— WHAT IS REQUIRED —
Your reply must hold the lines from the one containing "豊島区要町３丁目の賃貸マンションの間取り" to the end of the entries, copied exactly, with pictures excluded.

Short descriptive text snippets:

━━━━━━━━━━━━━━━━

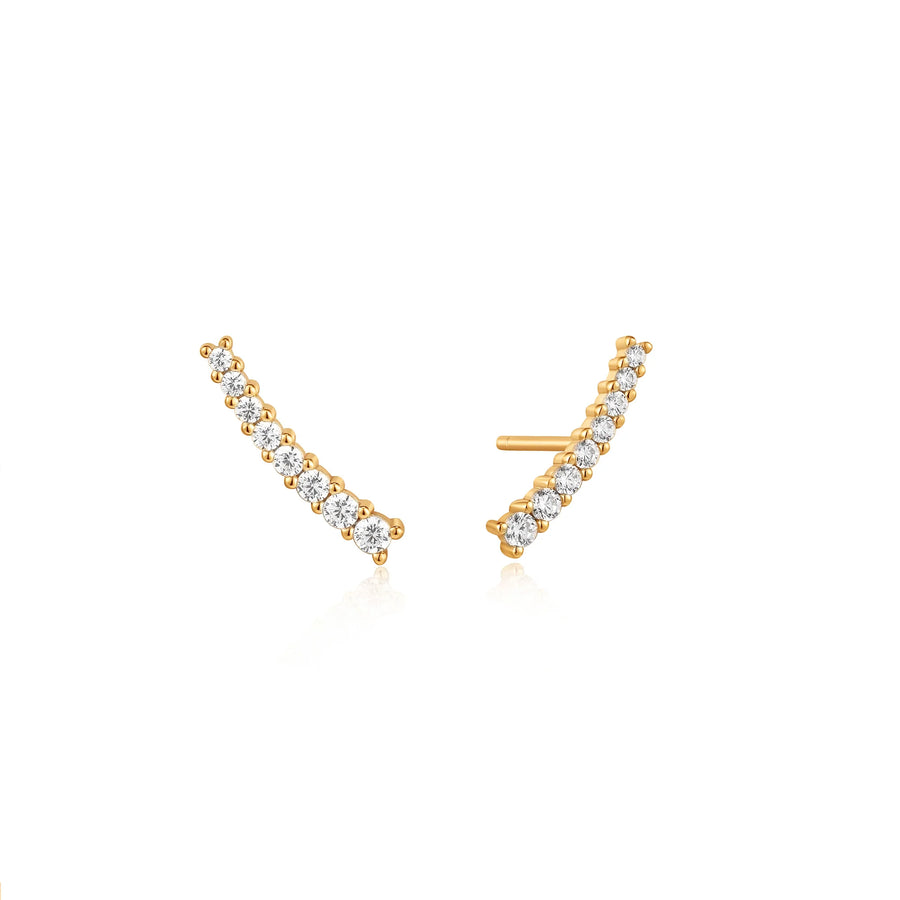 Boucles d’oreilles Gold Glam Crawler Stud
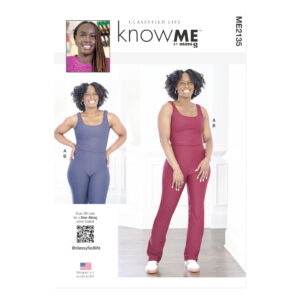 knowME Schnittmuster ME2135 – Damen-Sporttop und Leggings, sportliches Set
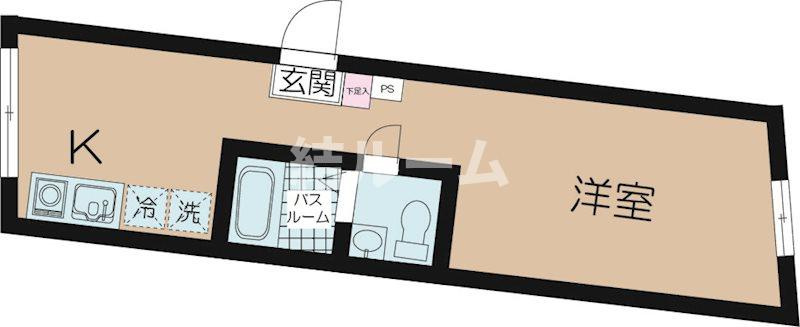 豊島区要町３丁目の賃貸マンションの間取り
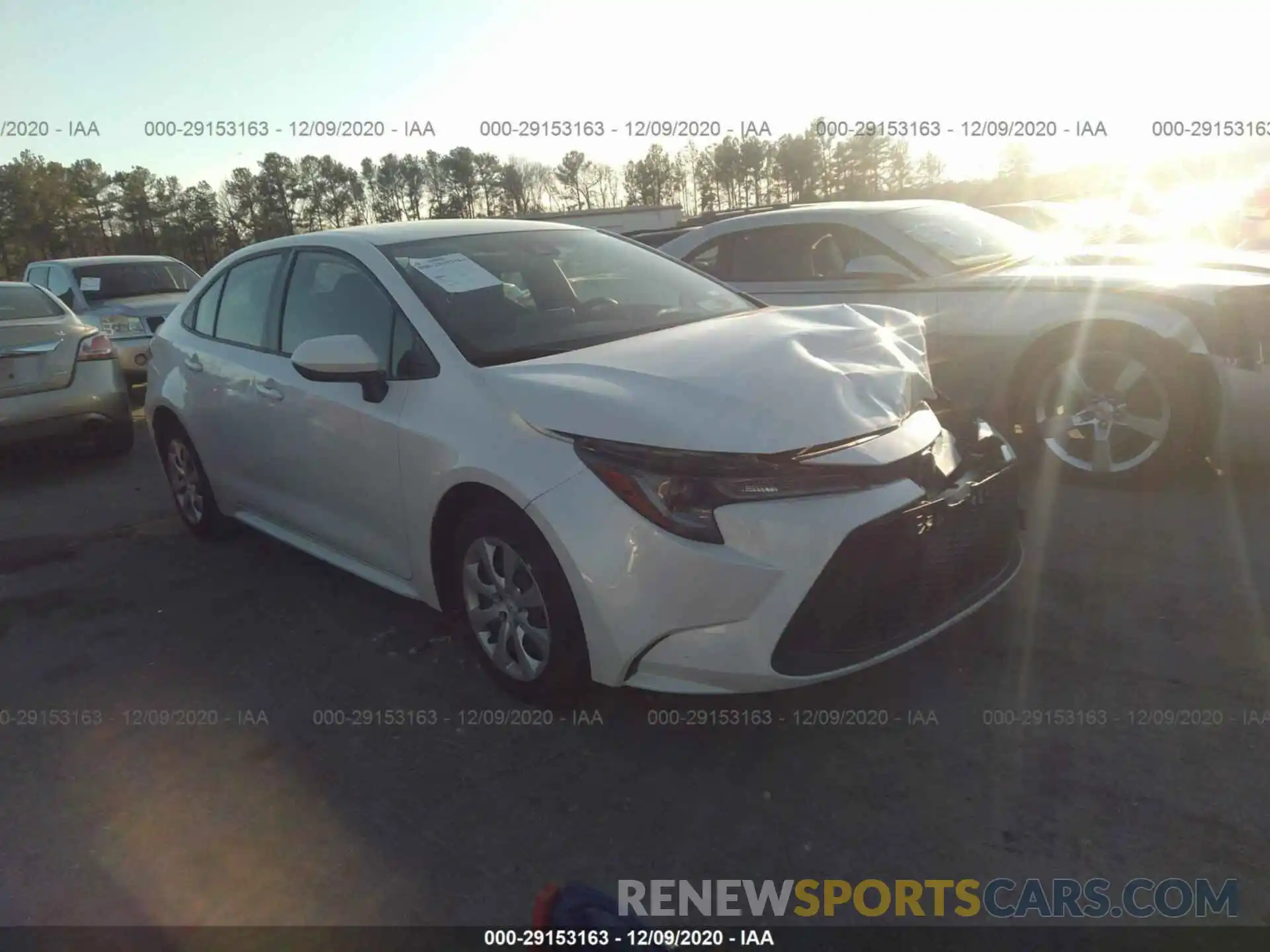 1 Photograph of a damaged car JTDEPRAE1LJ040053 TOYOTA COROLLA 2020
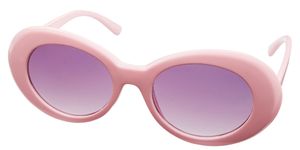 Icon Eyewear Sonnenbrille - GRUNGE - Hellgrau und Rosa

━━━━━━━━━━━━━━━━

— THE ANSWER —
 豊島区要町３丁目の賃貸マンションの間取り
 1 Photograph of a damaged car JTDEPRAE1LJ040053 TOYOTA COROLLA 2020
 Icon Eyewear Sonnenbrille - GRUNGE - Hellgrau und Rosa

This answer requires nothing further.